Copy the data that follows exactly. Include no pictures.

= Data block =
▬▬▬▬▬▬
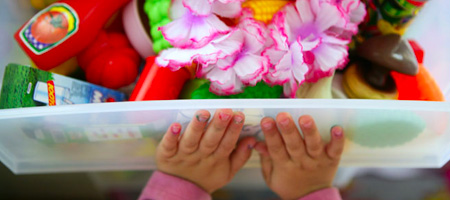 Child’s Hands Closing Toy Bin Organizer Filled With Children’s Toys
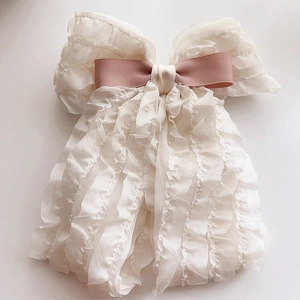 Close-up of layered white chiffon bow hair clip with a pink satin ribbon center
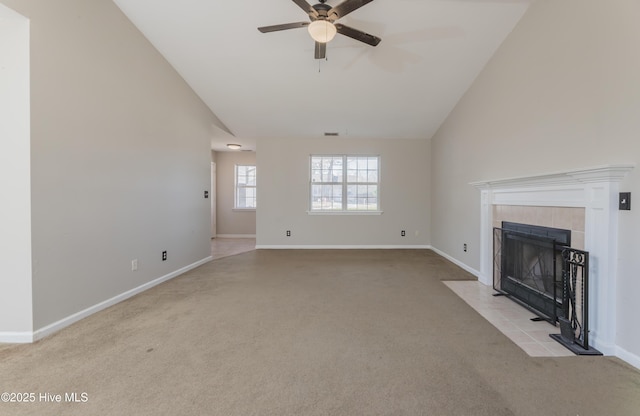 unfurnished living room with a tile fireplace, ceiling fan, light carpet, and lofted ceiling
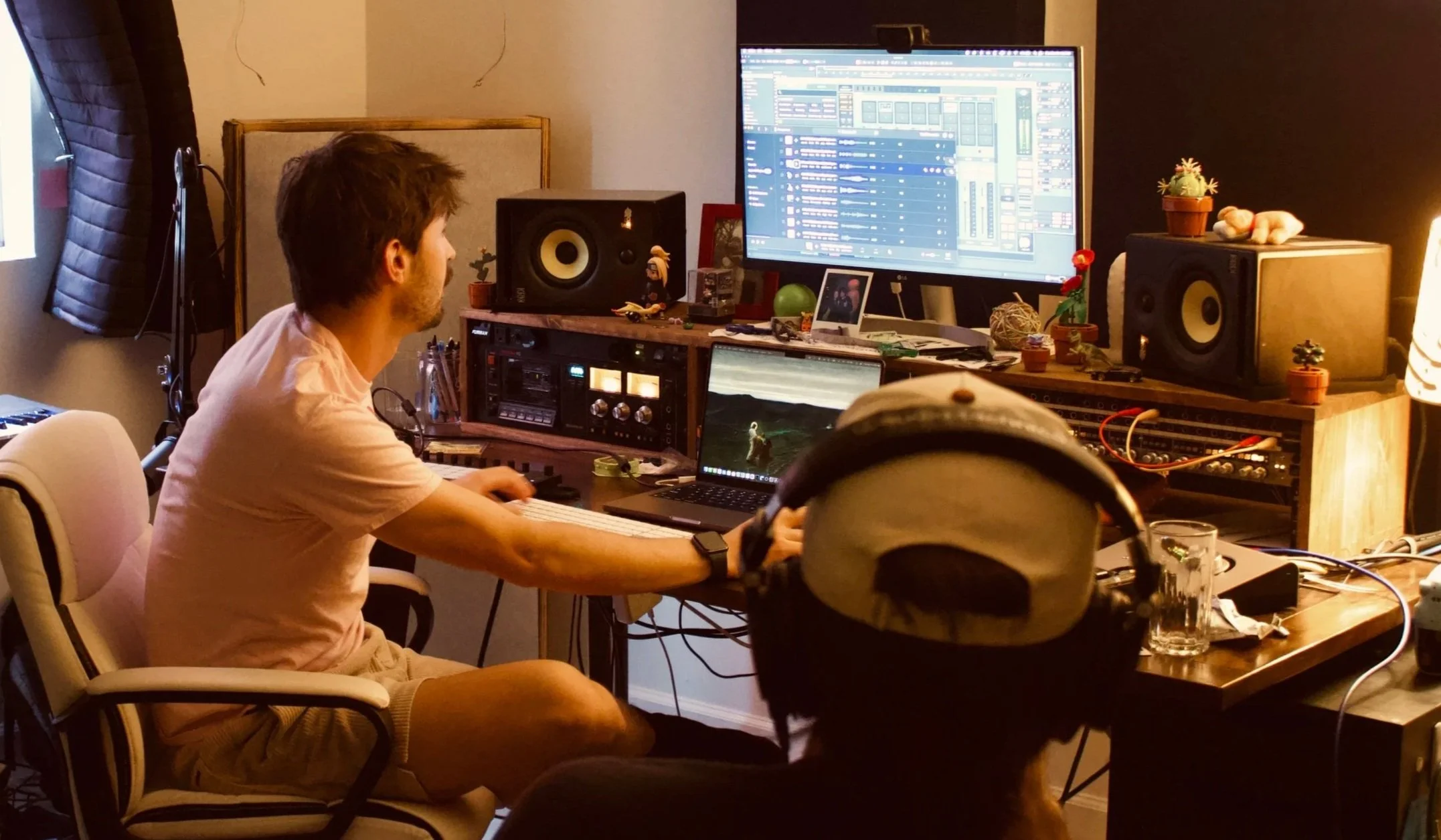 A man working on music production at a cluttered desk with multiple monitors, speakers, and audio equipment in a home studio, with small plants and decorative items around.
▬▬▬▬▬▬
= Answer to the exercise =
 Child’s Hands Closing Toy Bin Organizer Filled With Children’s Toys
 Close-up of layered white chiffon bow hair clip with a pink satin ribbon center
 unfurnished living room with a tile fireplace, ceiling fan, light carpet, and lofted ceiling
 A man working on music production at a cluttered desk with multiple monitors, speakers, and audio equipment in a home studio, with small plants and decorative items around.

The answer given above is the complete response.